Thursday, May 31, 2007

In search of the first scientific empirical experimental theology in history!

Ahem. Yes.

I've had this curious phrase, "the world's first scientific empirical experimental theology in history," written on my whiteboard for some weeks now. Partly because the excess of adjectives makes it so endearingly enthusiastic, but mostly because I'm trying to figure out exactly what it means.

It's a phrase of Timothy Leary's, from an obscure early book called NeuroLogic, describing his ambition for his eight-circuit model of consciousness. But what on Earth is a scientific theology, and why would anyone want one?

Abraham Maslow, with his more restrained phrasing, sheds some light on it: "we may be able to accept the basic religious questions as a proper part of the jurisdiction of science once science is broadened and redefined." That is, neither of them accepts that "spirituality," whatever that might be, should be exclusively in the hands of the theologians. It's an aspect of human experience, and so it belongs to the psychologists. But where Maslow seems, tactfully, to be suggesting that we take God out of religion and do away with Him entirely, Leary seems to want to put Him into science. Both are about equally prone to saying either that religion is obsolete, or that everything is religious.

Which brings me back to a problem I keep encountering: that "God" is getting more and more vaguely defined by the day. Everybody from physicists to theologians uses "God" as a metaphor - but what is it a metaphor for?

There's a feeling amongst the religious that the subtlety of modern theology isn't understood by their critics.
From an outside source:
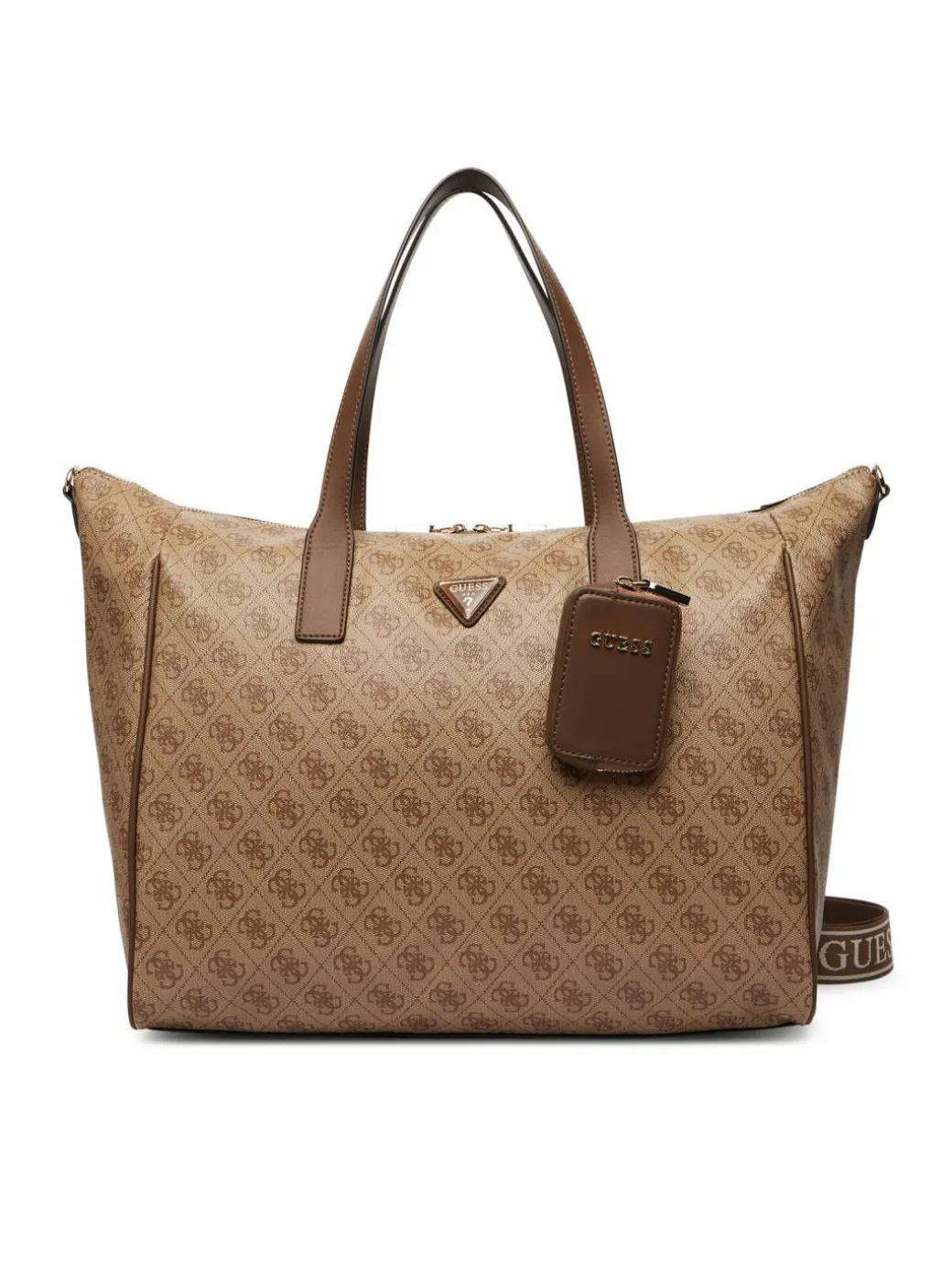 Borsa weekend Latona Travel TWHB92 11017 Marrone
The criticism I keep hearing of Richard Dawkins' book The God Delusion is that "he obviously doesn't know anything about modern theology." So what is modern theology? Paul Tillich, of whom I hear so much in lectures and debates, has this to say about God: "God does not exist. He is being itself beyond essence and existence." And he refuses to define religion any more specifically than "concern with ultimate concerns." On the subject of why someone would choose to express this concern in organised religion, he says that "symbols open up something in us." Similarly, John Hick sees religion as "our human response to a transcendent reality, the reality that we call 'God'," and advocates Christianity only insofar as it is the "best fit" for somebody raised in a Christian culture. In other words, religion is a set of useful metaphors, and God is some impersonal universal force.

Which, funnily enough, sounds exactly like the kind of God-as-metaphor that Dawkins discusses in the very first chapter of his book - the God of Einstein and Spinoza, of which he says:

The metaphorical or pantheistic God of the physicists is light years away from the interventionist, miracle-wreaking, thought-reading, sin-punishing, prayer-answering God of the Bible, of priests, mullahs and rabbis, and of ordinary language. Deliberately to confuse the two is, in my opinion, an act of intellectual high treason.
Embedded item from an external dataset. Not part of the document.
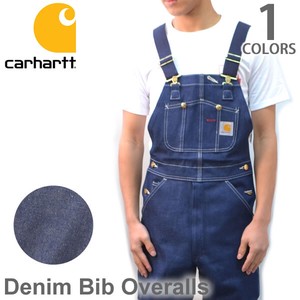 Overall denim CARHARTT Oversized Carhartt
But if nobody now claims to believe in the God of ordinary language, where do we stand? What's the difference between Leary's and Maslow's and Tillich's and Einstein's and Dawkins' religions?

Practically, though, the answer to this is the answer Dawkins gives - that whatever the philosophers believe is irrelevant, because there are about 3 billion people out there who do believe in a miracle-wreaking, sin-punishing personal God.

1 comment:

graywave said...

You really have to ask yourself, 'Why bother?' All these metaphorical definitions of God completely miss the point. Either there is a supreme being who magically created the universe and continues to monitor and control it, or there isn't. Airy nonsense about 'being' itself asserts nothing and explains nothing because it denies its own referent. So why waste your breath? The three billion who believe in magical super-beings are at least being honest. Stupid, but honest.